Supplied information:
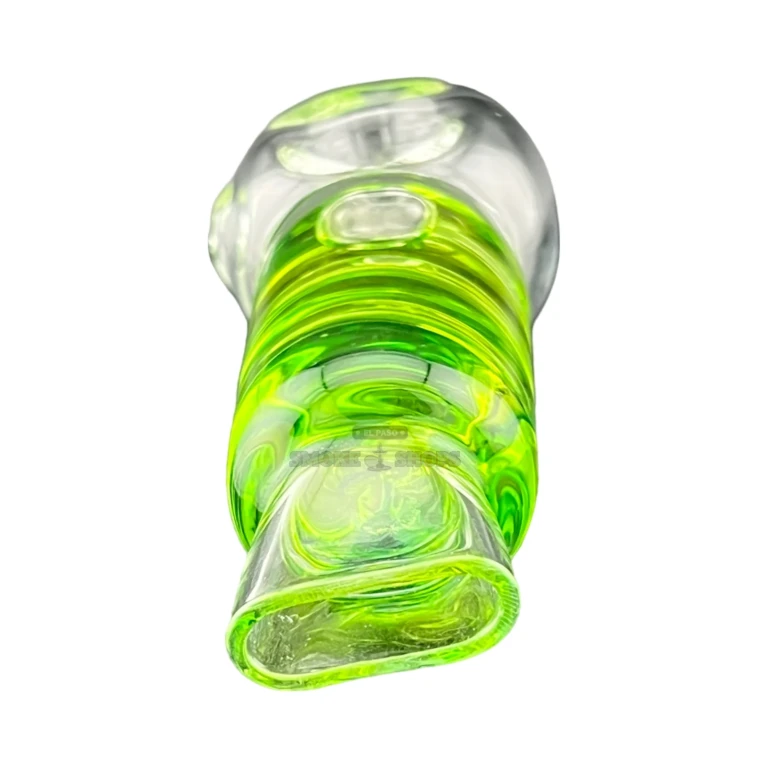 Glycerin Bowl glass pipe bowl close-up in El Paso, medium bowl with a 2 mm carb hole, borosilicate pipe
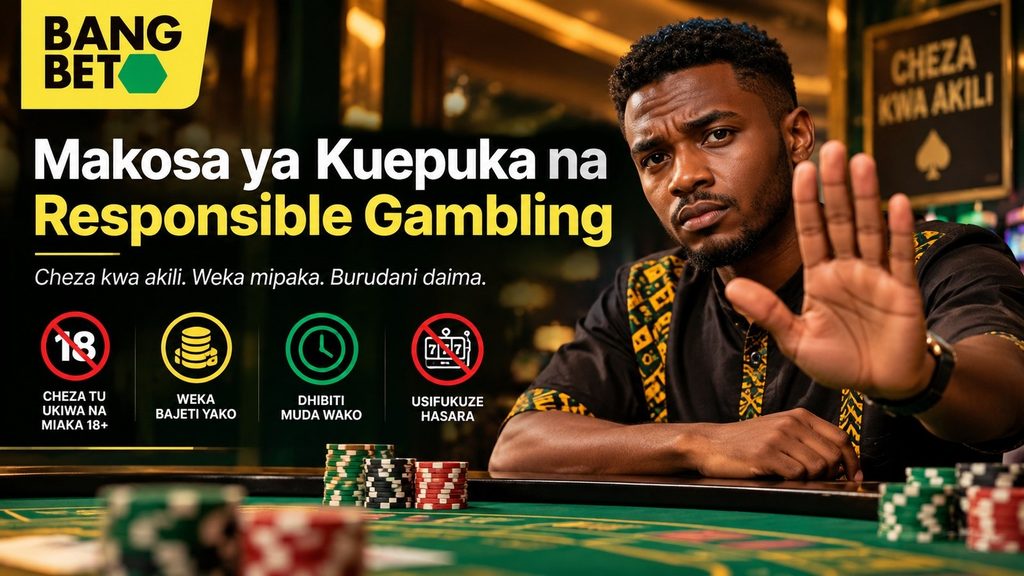 Responsible Gambling: Makosa ya Kuepuka na Casino Bonus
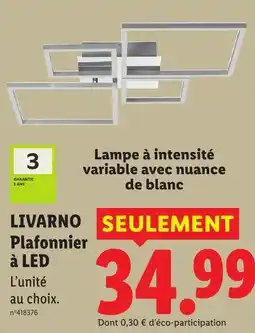Lidl LIVARNO Plafonnier à LED offre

Work instructions:
Write out the data above in full and exactly, but not the pictures.

Result of this exercise:
 Glycerin Bowl glass pipe bowl close-up in El Paso, medium bowl with a 2 mm carb hole, borosilicate pipe
 Responsible Gambling: Makosa ya Kuepuka na Casino Bonus
Lidl LIVARNO Plafonnier à LED offre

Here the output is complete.